Non-Hermitian Hamiltonians arise fundamentally as effective descriptions for open quantum systems: the "scattering center" of a Hermitian system embedded in infinite leads acquires an equivalent non-Hermitian Hamiltonian, with the eigenstate structure matching the physical center's amplitudes (Jin et al., 2011).

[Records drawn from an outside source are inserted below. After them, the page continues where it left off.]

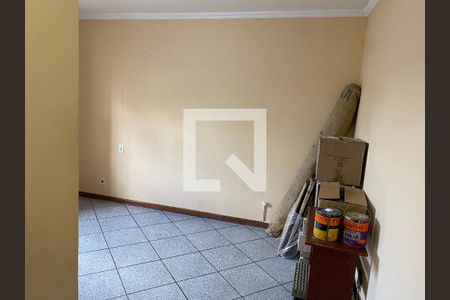 Quarto 1 suíte de casa para alugar com 3 quartos, 194m² em Jardim Oriental, São Paulo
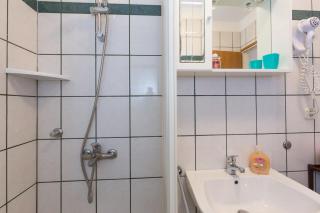 Family-friendly apartments with swimming pool Punat, Krk - 5345 - 1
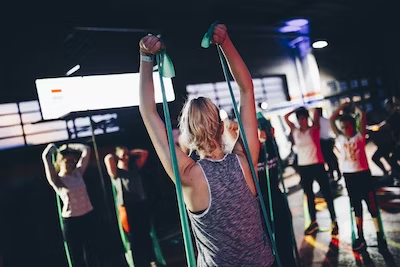 Trendige Fitness-Kurse: Welche Workouts liegen aktuell im Trend?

This mapping holds even for broken PT or general non-PT cases and explains the appearance of real eigenvalues via engineered gain and loss or via coupling strengths, bypassing the need for abstract metric operators.

Applications span quantum optics (where non-Hermitian effective Hamiltonians model lossy or amplifying cavities and circuits), non-Hermitian band theory for topological insulators, quantum control via generalized time-evolution schemes (Magnus expansions), and simulation protocols in photonics employing symplectic Bogoliubov transformations (Wakefield et al., 2023, Mulian, 14 May 2025).

Table: Key Non-Hermitian Hamiltonian Properties and Formalisms

Concept	Main Feature	Supporting arXiv Paper Ids
Pseudo-Hermiticity	Real spectrum via existence of metric $\eta$	(Ramirez et al., 2018, Fernández, 2015, Li et al., 2011)
Biorthonormality	Distinct left/right eigenbases, generalized inner product	(Bebiano et al., 2020, Ramirez et al., 2018)
Split-quaternion symmetry	Generalized Kramers degeneracy for $\Theta^2=+1$	(Sato et al., 2011)
Krein space theory	Indefinite metric; construction of positive metric	(Ramirez et al., 2018)
Exceptional points (EPs)	Coalescence of eigenvalues/eigenvectors, non-exponential dynamics	(Ramirez et al., 2018, Shen et al., 2017)
Non-Hermitian band topology	Complex energy bands, vorticity/Chern invariants, $\mathbb{Z}_2$ skin effect	(Shen et al., 2017, Kawabata et al., 2020, Kotz et al., 2023)
Time-dependent Dyson maps	Infinite gauge chain, observability criteria	(Luiz et al., 2017, Kecita et al., 2 Oct 2025)
Quantum-statistical entropy	Dynamics of purity, non-Hermitian entropy functionals	(Zloshchastiev, 2015, Sergi et al., 2016)
Symplectic transformation	Simulation via Bogoliubov circuits, decomposition	(Wakefield et al., 2023)

Non-Hermitian Hamiltonians, through pseudo-Hermitian formalism, generalized symmetry structures, Krein space methods, and topological invariant extensions, have significantly expanded the operator-theoretic and application landscape of quantum theory in open, non-equilibrium, and topologically nontrivial systems.